> Action item:
Your answer should repeat the entries in full, exactly as given, with no pictures.

> Entries supplied:
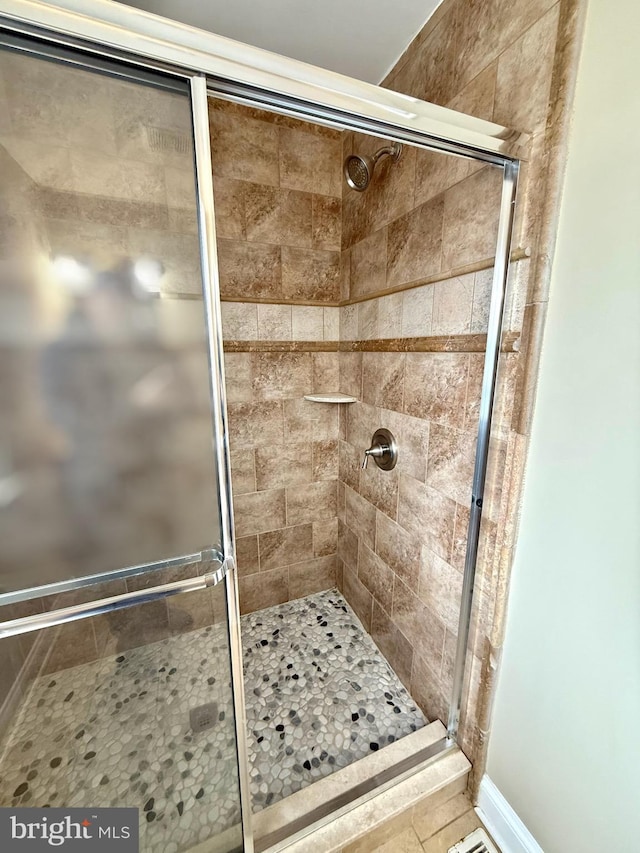 bathroom featuring an enclosed shower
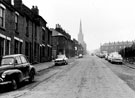 Nos. 104, 102 etc., Lyons Street, Burngreave looking towards the junction with Earsham Street, All Saints Church and terraced housing on Petre Street (right)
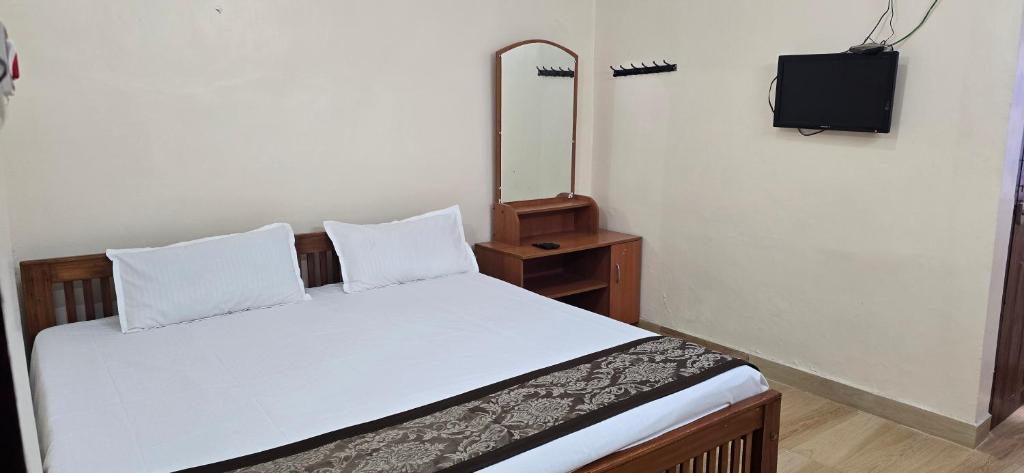 a bedroom with a bed with a mirror and a television at Kodai blue residency in Kodaikānāl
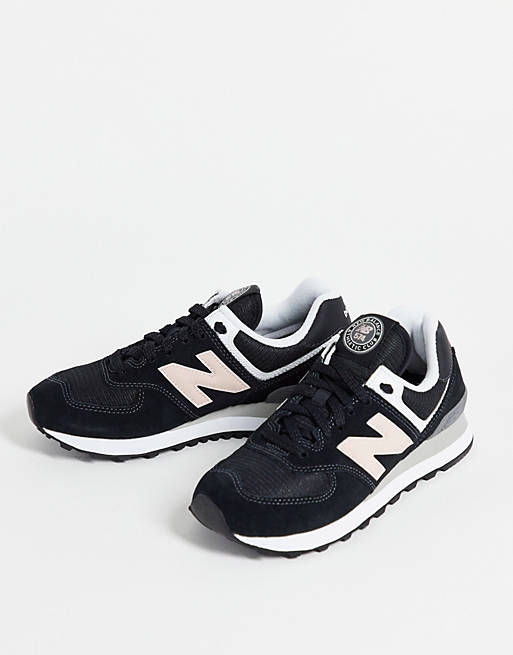New Balance 574 sneakers in black and pink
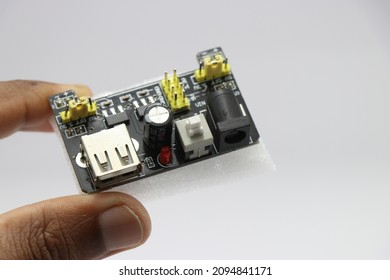 Breadboard power supply module held in hand isolated on white background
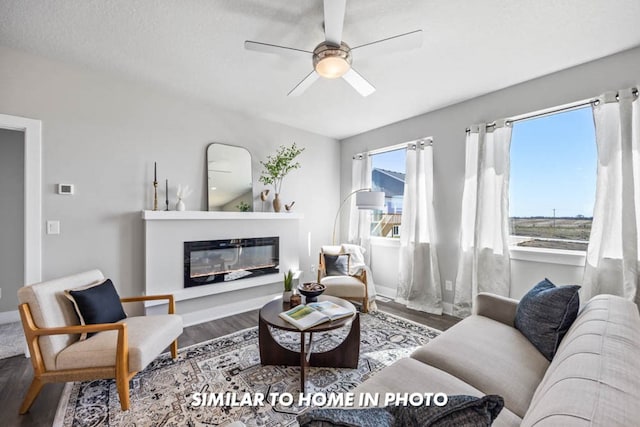 living area featuring a glass covered fireplace, baseboards, a ceiling fan, and wood finished floors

> Task answer:
 bathroom featuring an enclosed shower
 Nos. 104, 102 etc., Lyons Street, Burngreave looking towards the junction with Earsham Street, All Saints Church and terraced housing on Petre Street (right)
 a bedroom with a bed with a mirror and a television at Kodai blue residency in Kodaikānāl
New Balance 574 sneakers in black and pink
 Breadboard power supply module held in hand isolated on white background
 living area featuring a glass covered fireplace, baseboards, a ceiling fan, and wood finished floors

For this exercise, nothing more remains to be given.